- How to complete this task
Would you return exactly the lines from the top of the data below through the one containing "Photo of Pregnant", leaving out the pictures?

[Data items]
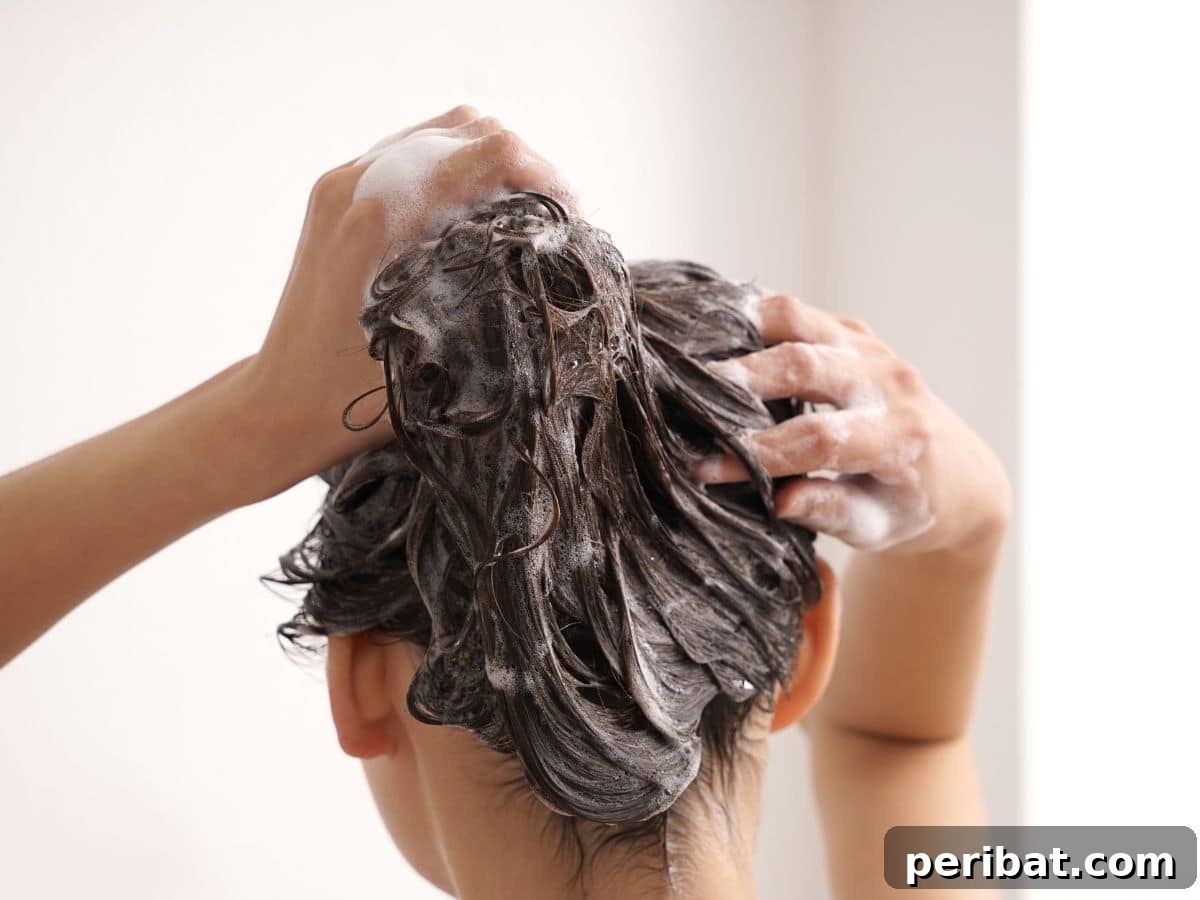A person gently washing their hair under a shower, using natural hair care products.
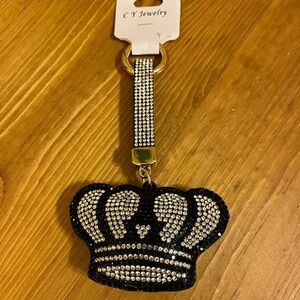 Black crown bag tag with crystal rhinestones on a gold tone ring 5 1/2 “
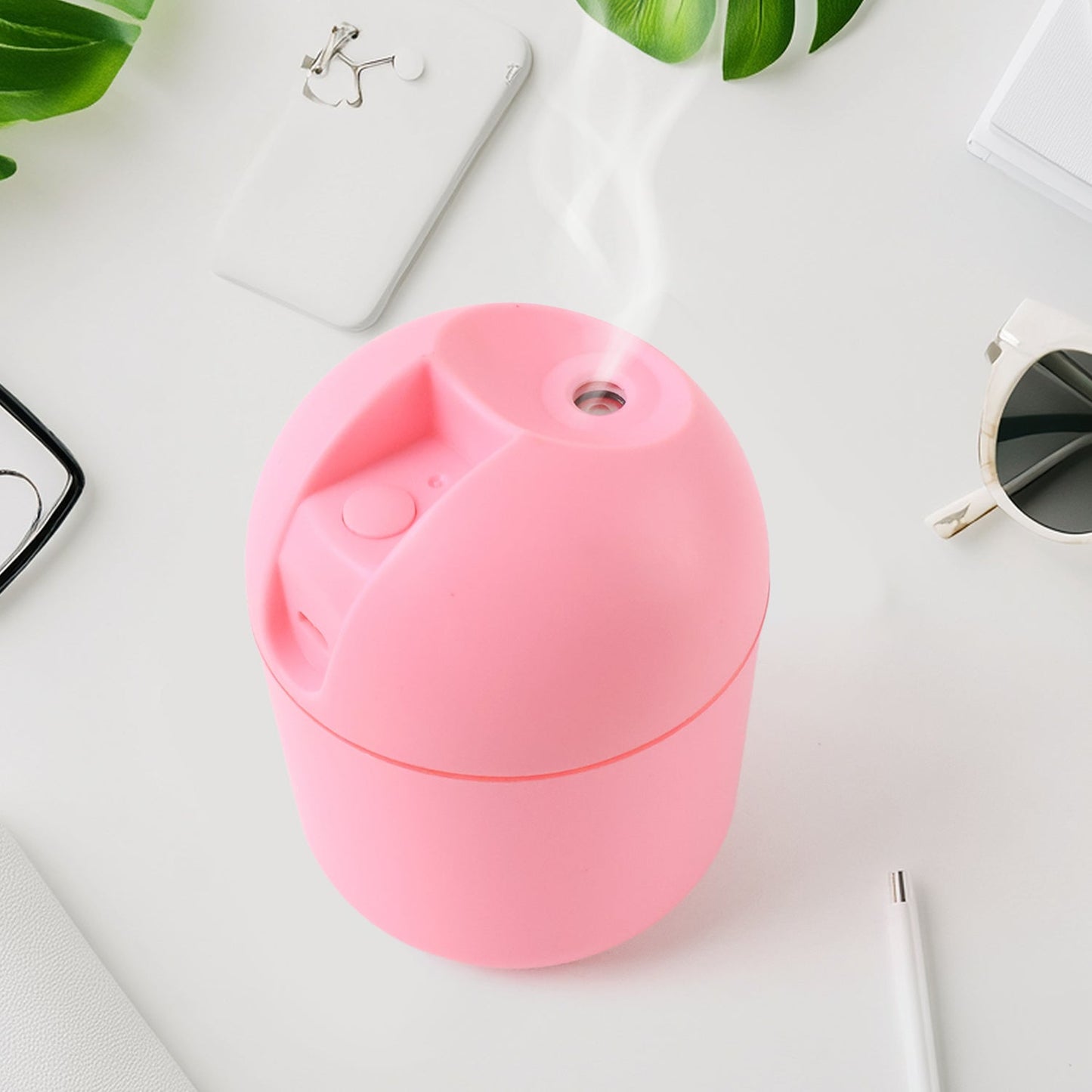 USB Mini Air Humidifier on desk emitting cool mist with soft LED light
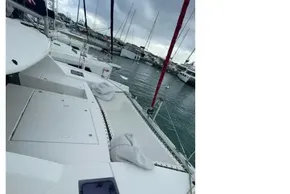 2020 Leopard 40 catamaran deck view at marina, showcasing sleek design and moored boats.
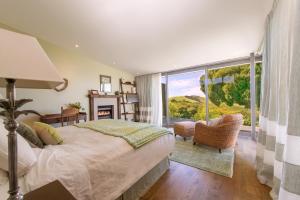 a bedroom with a bed and a large window at Waiheke Luxury Blue and Green Rooms in Ostend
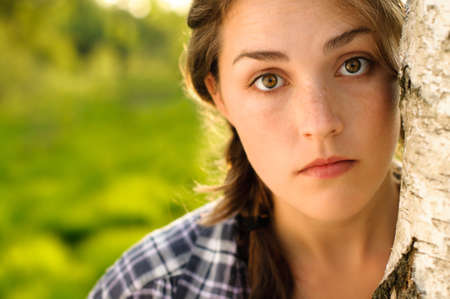 At peace with nature. Shot of a beautiful young woman leaning against a tree in a forest.の写真素材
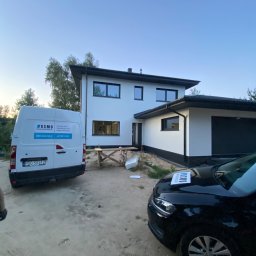 PPHU Miłosz Weistock - Nowoczesny, dwukondygnacyjny dom z białymi ścianami i czarnymi ramami okiennymi po zakończeniu budowy, z widocznym samochodem osobowym i dostawczym firmy sprzątającej. Na masce samochodu osobowego...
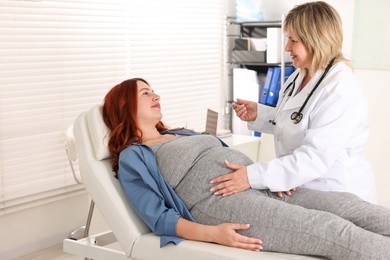 Photo of Pregnant woman having appointment with doctor in clinic
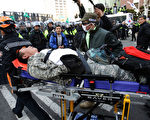 韩国总统朴槿惠的弹劾案确认通过后，场外不同立场的民众爆发冲突，多人受伤，2人死亡。图为现场受伤民众。（Chung Sung-Jun / Getty Images）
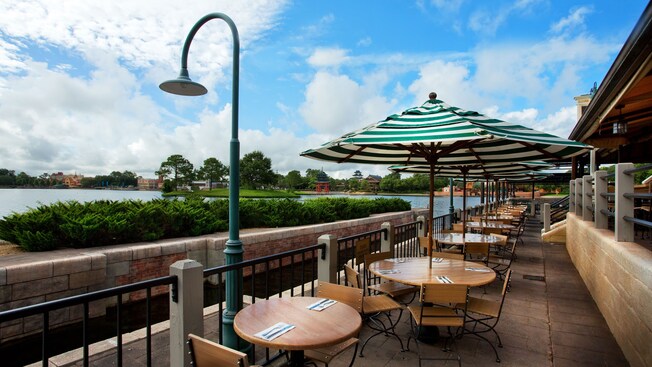 Patio with umbrellaed tables and views of the World Showcase Lagoon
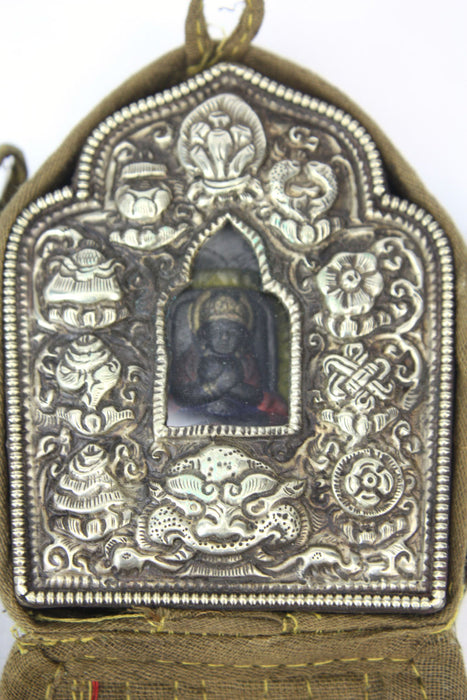 Tibetan Ghau amulet box containing Tsa Tsa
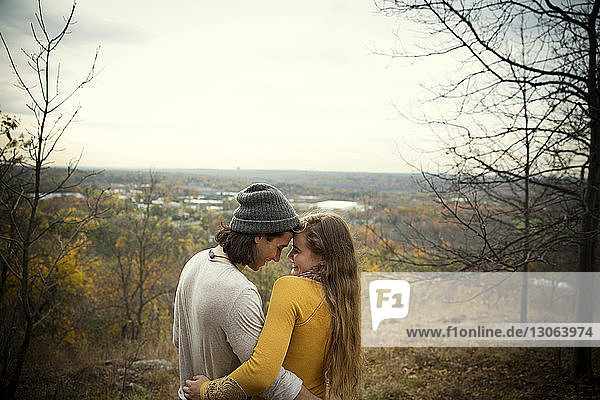 Smiling couple embracing while standing in forest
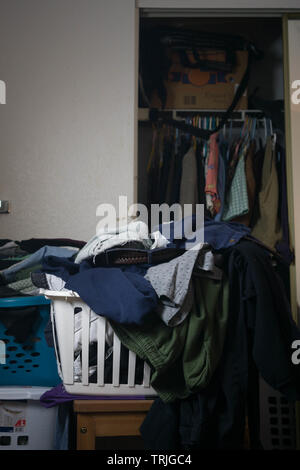 stacks of clothes and laundry with a closet full of clothes Stock Photo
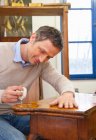 Carpenter buffing wooden table — Stock Photo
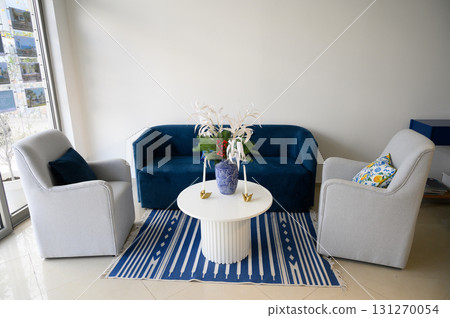 Cozy modern living area showcasing stylish furniture and vibrant decor for a welcoming atmosphere Cozy modern living area showcasing stylish furniture and vibrant decor for a welcoming atmosphere 131270054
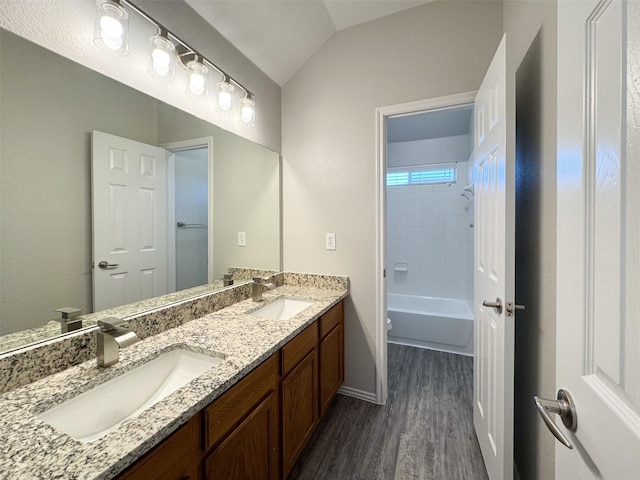 full bathroom with tiled shower / bath combo, vanity, wood-type flooring, vaulted ceiling, and toilet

- Result for this task
A person gently washing their hair under a shower, using natural hair care products.
 Black crown bag tag with crystal rhinestones on a gold tone ring 5 1/2 “
 USB Mini Air Humidifier on desk emitting cool mist with soft LED light
 2020 Leopard 40 catamaran deck view at marina, showcasing sleek design and moored boats.
 a bedroom with a bed and a large window at Waiheke Luxury Blue and Green Rooms in Ostend
 At peace with nature. Shot of a beautiful young woman leaning against a tree in a forest.の写真素材
 PPHU Miłosz Weistock - Nowoczesny, dwukondygnacyjny dom z białymi ścianami i czarnymi ramami okiennymi po zakończeniu budowy, z widocznym samochodem osobowym i dostawczym firmy sprzątającej. Na masce samochodu osobowego...
 Photo of Pregnant woman having appointment with doctor in clinic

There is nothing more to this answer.